**INPUT MATERIAL**
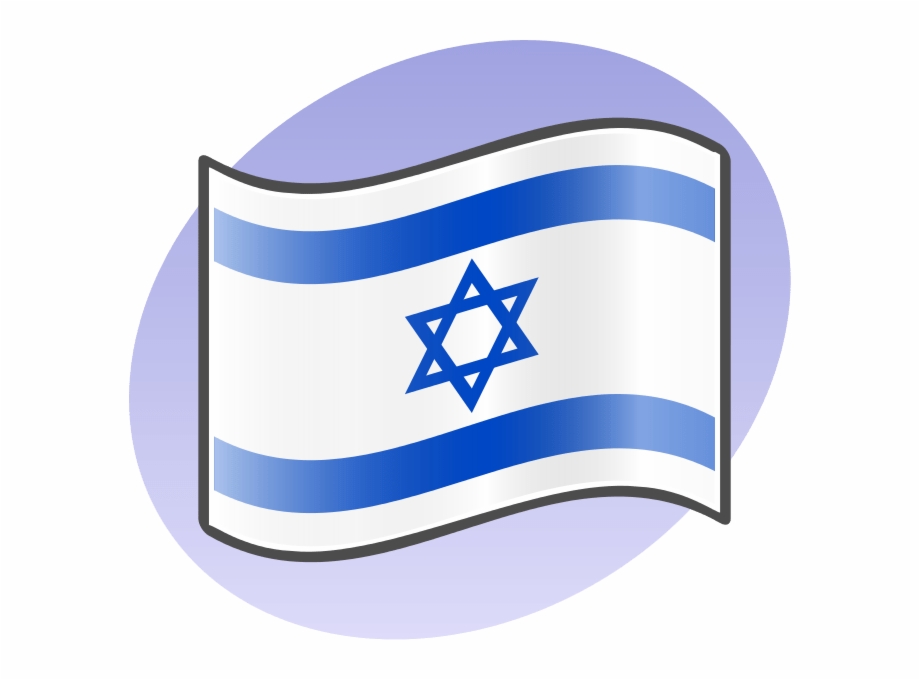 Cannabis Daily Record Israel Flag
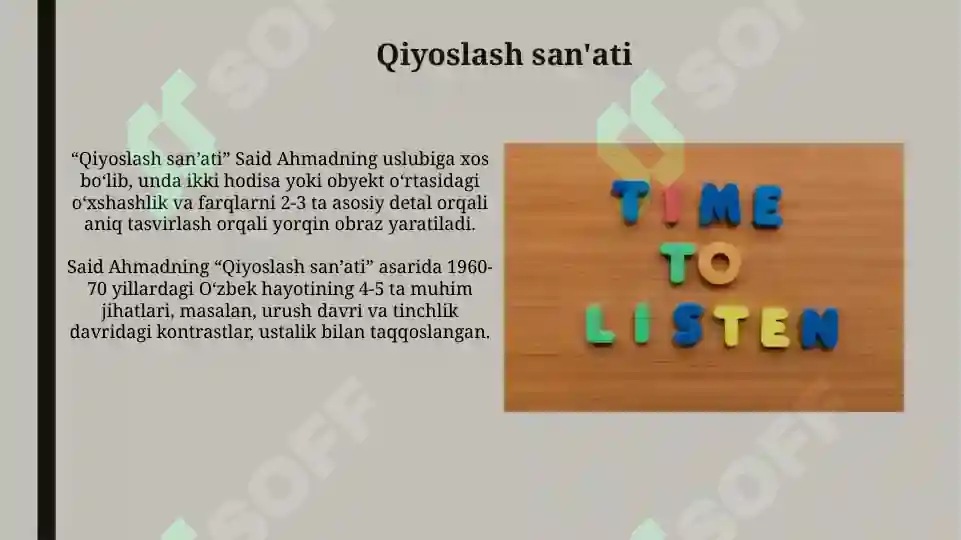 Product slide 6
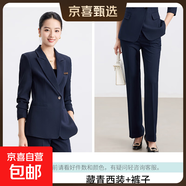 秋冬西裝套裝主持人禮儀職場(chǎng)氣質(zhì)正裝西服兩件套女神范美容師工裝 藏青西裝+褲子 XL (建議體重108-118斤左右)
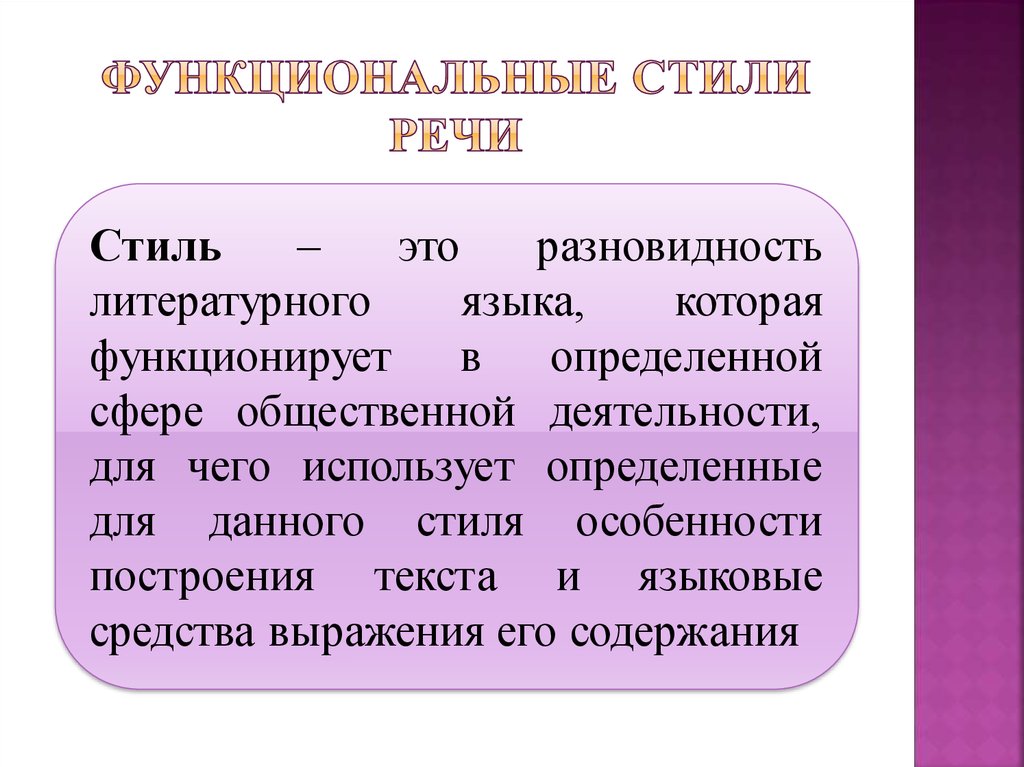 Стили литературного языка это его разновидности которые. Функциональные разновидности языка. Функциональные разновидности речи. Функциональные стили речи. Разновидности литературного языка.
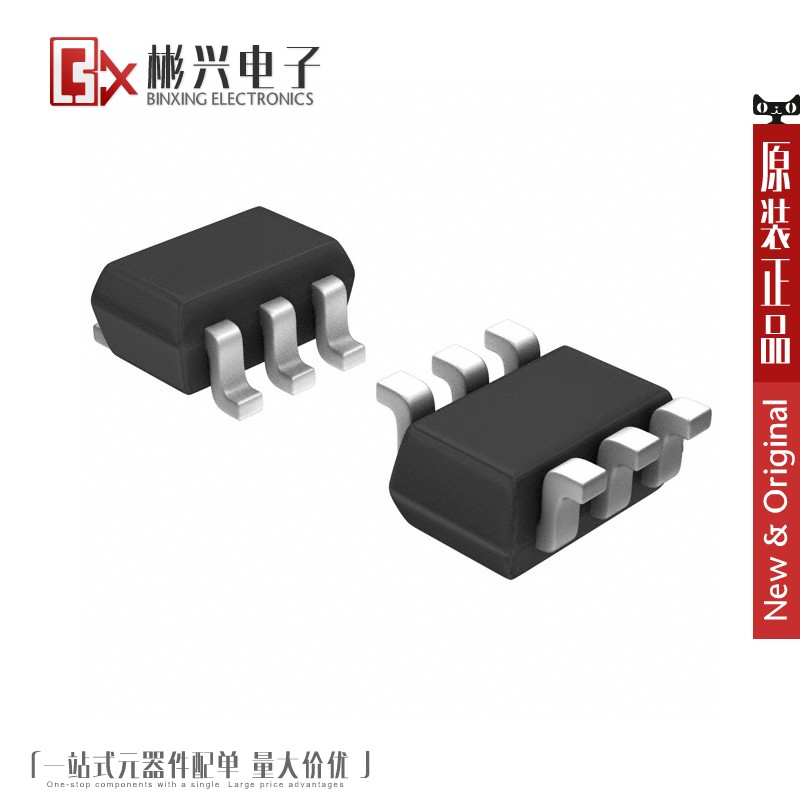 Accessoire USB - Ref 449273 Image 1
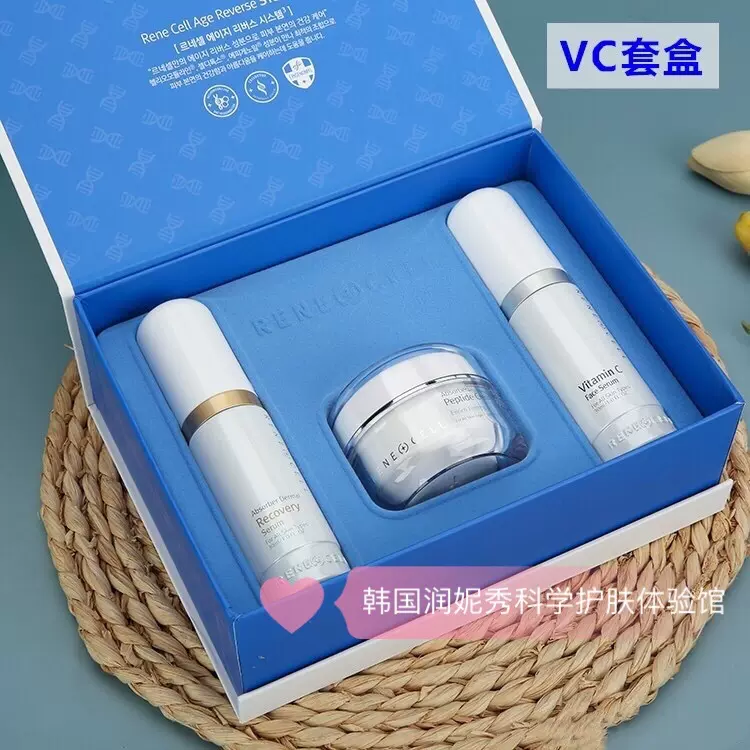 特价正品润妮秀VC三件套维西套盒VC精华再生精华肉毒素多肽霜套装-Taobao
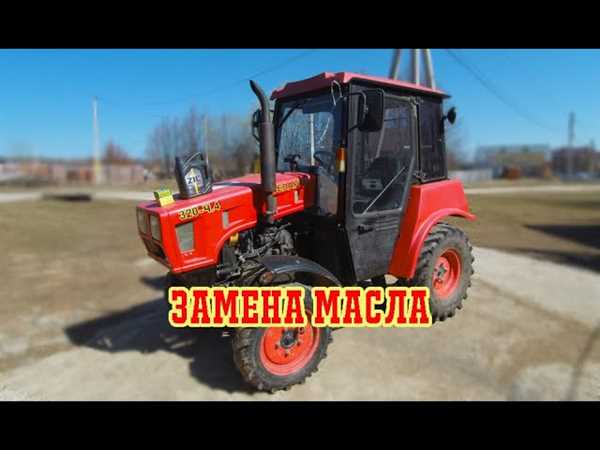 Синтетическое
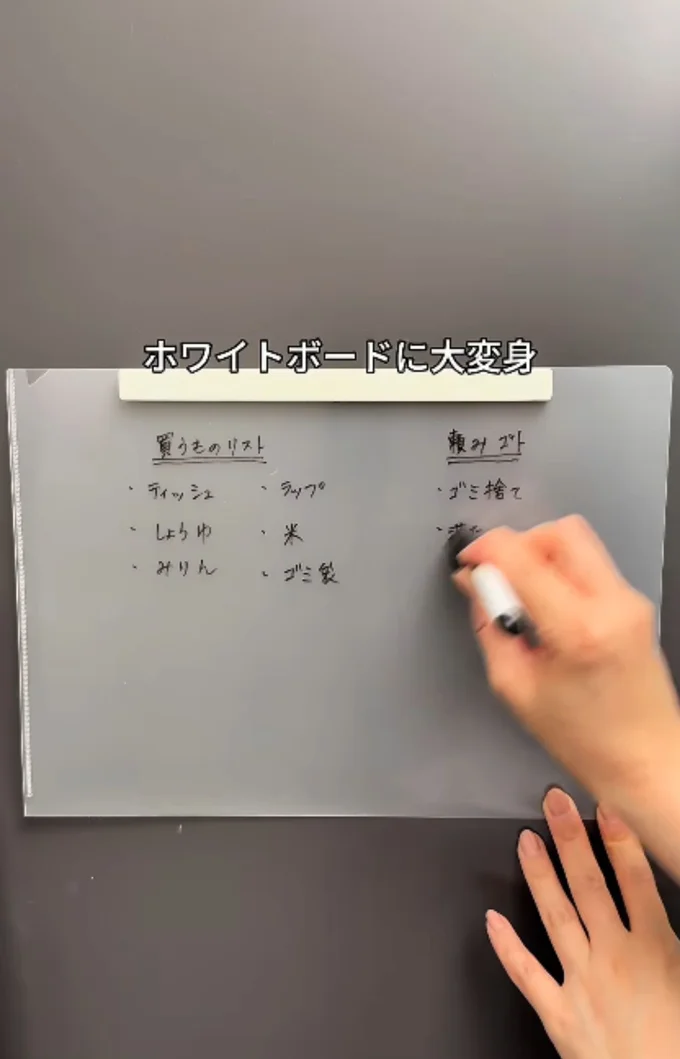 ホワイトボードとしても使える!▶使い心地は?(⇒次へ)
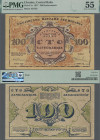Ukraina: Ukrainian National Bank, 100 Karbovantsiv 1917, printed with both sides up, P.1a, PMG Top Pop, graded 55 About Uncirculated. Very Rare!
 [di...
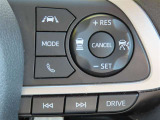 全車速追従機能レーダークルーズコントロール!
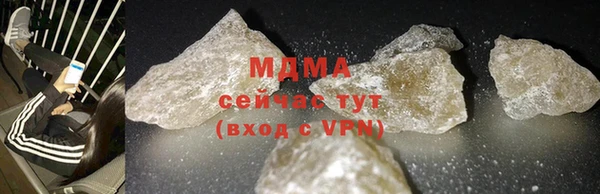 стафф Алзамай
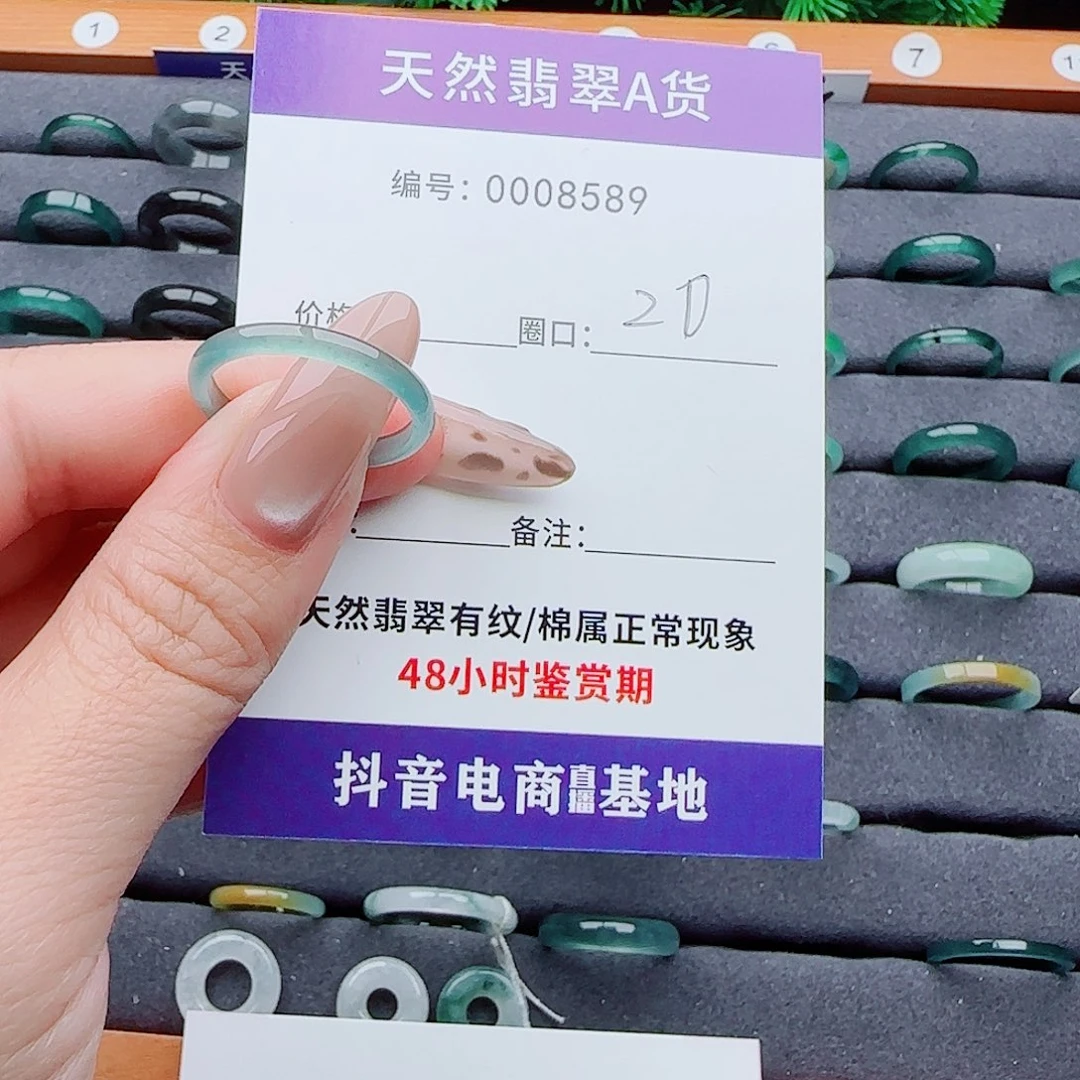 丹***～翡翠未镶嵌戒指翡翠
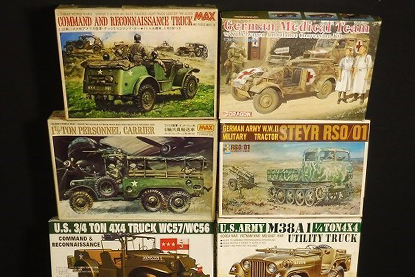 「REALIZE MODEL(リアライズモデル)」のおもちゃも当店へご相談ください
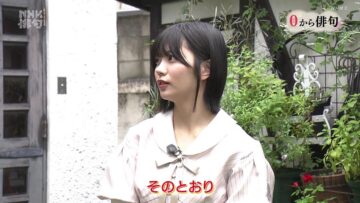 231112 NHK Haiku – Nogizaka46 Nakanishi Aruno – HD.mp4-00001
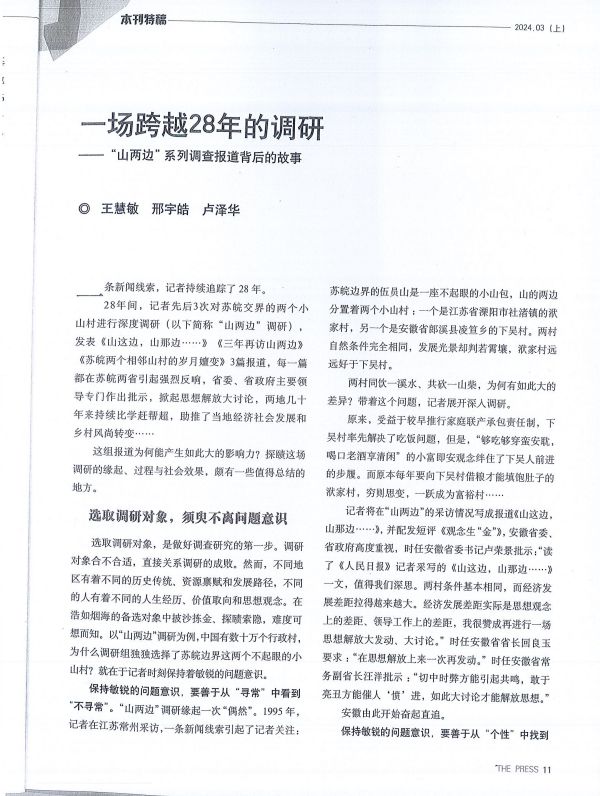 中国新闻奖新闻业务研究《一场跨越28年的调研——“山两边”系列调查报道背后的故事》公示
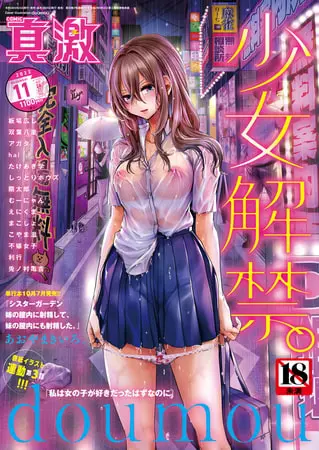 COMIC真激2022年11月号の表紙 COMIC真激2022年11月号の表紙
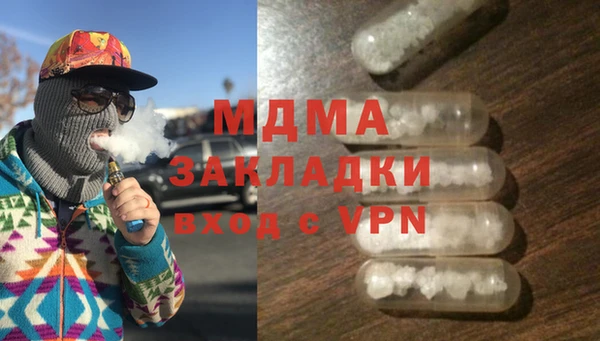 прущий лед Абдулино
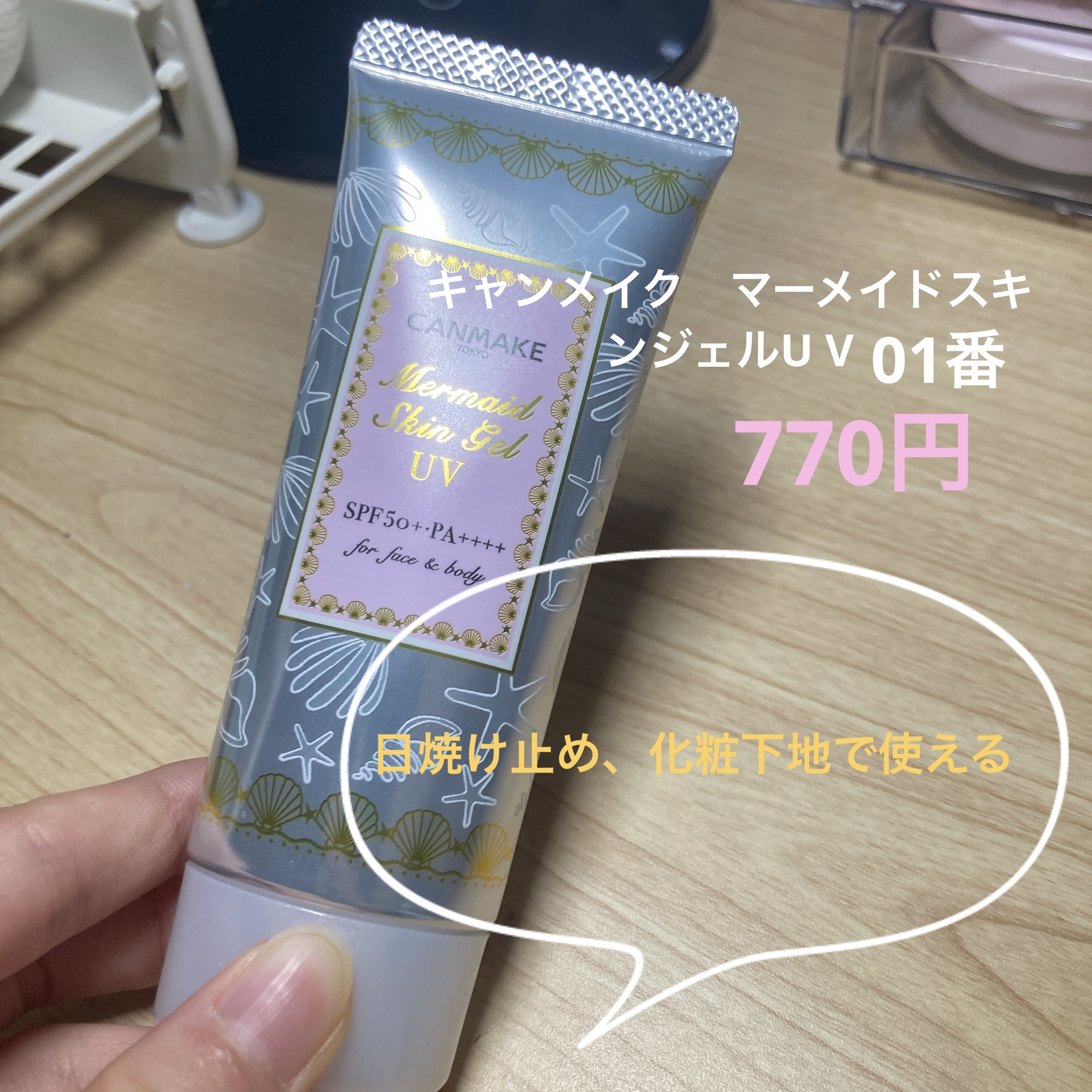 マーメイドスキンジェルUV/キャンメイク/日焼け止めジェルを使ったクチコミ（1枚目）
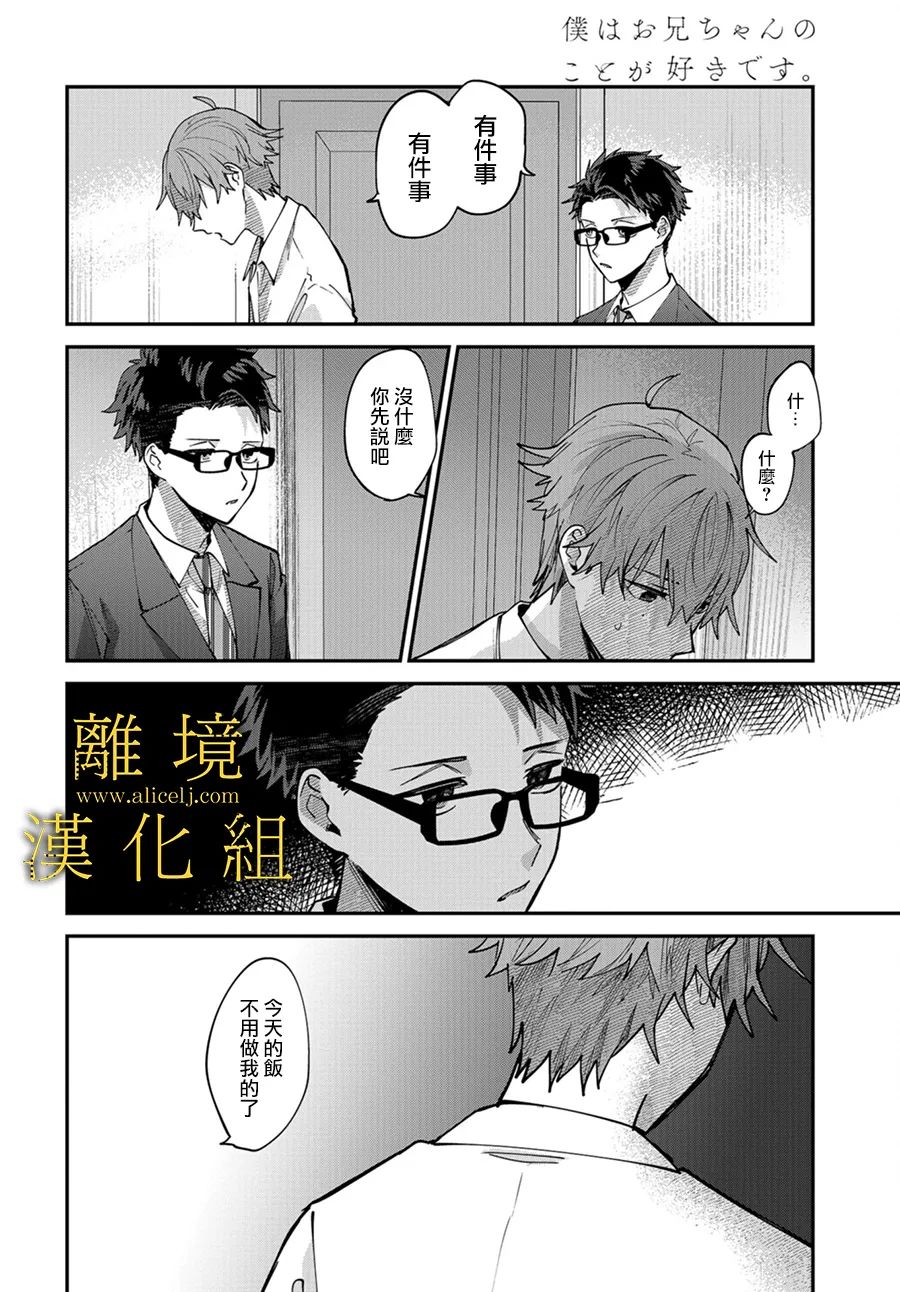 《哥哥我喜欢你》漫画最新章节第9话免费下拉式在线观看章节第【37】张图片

**TO DO**
Take the line containing "秋冬西裝套裝主持人禮儀職場(chǎng)氣質(zhì)正裝西服兩件套女神范美容師工裝 藏青西裝+褲子 XL" and every line after it up to the end of the data, and write them out exactly, without the pictures.

**EXPECTED OUTPUT**
 秋冬西裝套裝主持人禮儀職場(chǎng)氣質(zhì)正裝西服兩件套女神范美容師工裝 藏青西裝+褲子 XL (建議體重108-118斤左右)
 Стили литературного языка это его разновидности которые. Функциональные разновидности языка. Функциональные разновидности речи. Функциональные стили речи. Разновидности литературного языка.
 Accessoire USB - Ref 449273 Image 1
 特价正品润妮秀VC三件套维西套盒VC精华再生精华肉毒素多肽霜套装-Taobao
 Синтетическое
 ホワイトボードとしても使える!▶使い心地は?(⇒次へ)
Ukraina: Ukrainian National Bank, 100 Karbovantsiv 1917, printed with both sides up, P.1a, PMG Top Pop, graded 55 About Uncirculated. Very Rare!
 [di...
 全車速追従機能レーダークルーズコントロール!
 стафф Алзамай
 丹***～翡翠未镶嵌戒指翡翠
 「REALIZE MODEL(リアライズモデル)」のおもちゃも当店へご相談ください
 231112 NHK Haiku – Nogizaka46 Nakanishi Aruno – HD.mp4-00001
 中国新闻奖新闻业务研究《一场跨越28年的调研——“山两边”系列调查报道背后的故事》公示
 COMIC真激2022年11月号の表紙 COMIC真激2022年11月号の表紙
 прущий лед Абдулино
 マーメイドスキンジェルUV/キャンメイク/日焼け止めジェルを使ったクチコミ（1枚目）
 《哥哥我喜欢你》漫画最新章节第9话免费下拉式在线观看章节第【37】张图片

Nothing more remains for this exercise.